With puppets and masked figures galore, this unique adaptation of Hugo’s classic novel tells the tragedy of Quasimodo and Esmeralda with flair, transforming this tale of outcasts into a modern-day spectacle of both comedy and tragedy. Besides the mixed use of various theatrical devices, Redmoon has reimagined the story in other ways. Most notably, they have added the character of Victor Hugo himself, who guides the audience through this new version, even interjecting at points to protest the production’s bizarre, sometimes anachronistic changes. Director Leslie Buxbaum Danzig emphasizes that their production definitely is not any old direct translation of the novel. “Normally Redmoon’s work is visually quite spectacular,” she said, “and this is an incredible visual context. I am confident that it will be quite powerful.”

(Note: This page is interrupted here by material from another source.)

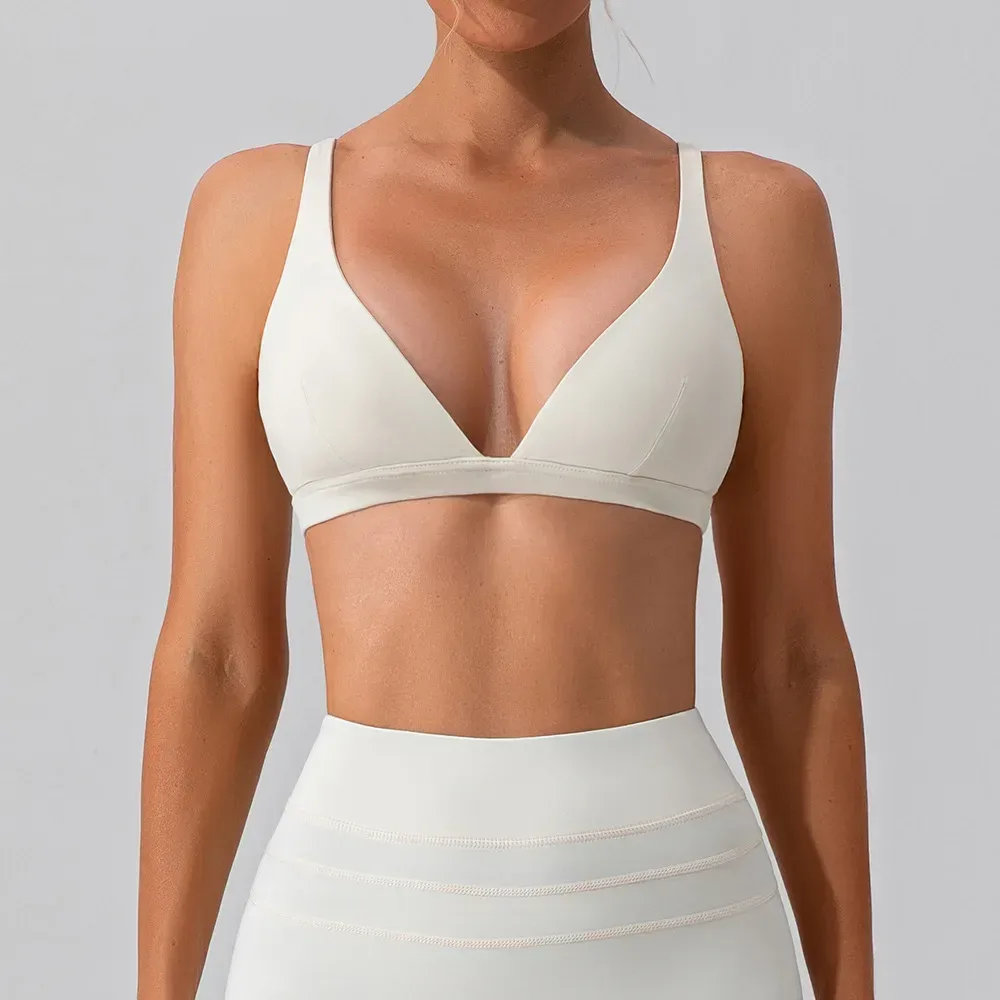 front view of the beige deep V neck sports bra showing the plunging neckline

Both Danzig and Hunter believe that Hunchback will provide the audience with a meaningful experience. To Danzig, the show speaks about alienation in a compelling way. “I think, at heart, the show is about different ways of being trapped: trapped by desire, and trapped by bodies that betray the beauty of our insides; and the power of those kinds of traps—both those that others set for us, and those that we set for ourselves.” The story is so rich that there is room for multiple interpretations, and yet, as Hunter proposes, the play loses none of its emotional power because of this complexity. “Every time we mount the production, people get different resonance. It’s a story about some universal themes. It’s an at-times abrasive piece about outsiders…and it’s stood the test of time. It appeals to our sense of humanity regardless of the era. It never gets old…It’s one of those epic tales that really touches people on so many points.”

In addition, Brochu notes that Hunchback’s story also explores themes relevant to the Chapel. “Hugo’s concern with social justice, and his descriptions of religious fanaticism, echo Rockefeller’s own role in encouraging students and the community to seek, to question, and to pursue justice and spirituality in countless ways both traditional and unique.” The partnership has also resulted in some rather unexpected benefits: the formation of five paid Redmoon internship opportunities for TAPS students.

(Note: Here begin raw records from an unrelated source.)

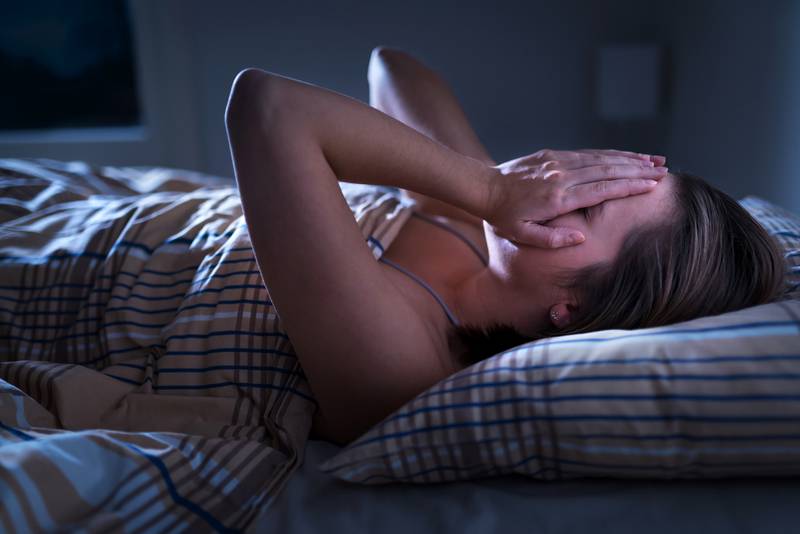 Insomnia, sleep apnea or stress concept. Sleepless woman awake a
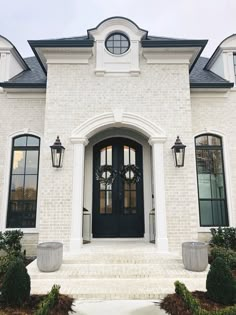 a white brick house with black doors and two large planters on the front steps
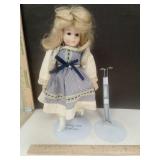 Heritage  Mint Collection Porcelain Doll damaged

Redmoon has performed the play twice before, the first time in collaboration with Steppenwolf Theatre in 2000, but Danzig suggests that this show will be special because of the setting. She argues that this will make the show more emotionally moving and more beautiful: “To do this incredible play surrounded by an architecture that also inspires awe is really exciting.” Danzig plans to take advantage of the setting and adapt the performance to the space, rather than adapting the space to the performance, because she wants the sense of place to remain strong in this site-specific piece: “The important thing is letting the site have the power to impact the work.”

Danzig believes that performing the play in a non-theatrical space is worth the difficulties that go along with this kind of experimentation. Discussing the hardships of adapting location-specific lighting and staging to Rockefeller, Danzig expresses hope in spite of a somewhat frazzled feeling: “We’re problem-solving in the best possible way. Once the practical work is done, we’ll see the magic happen.”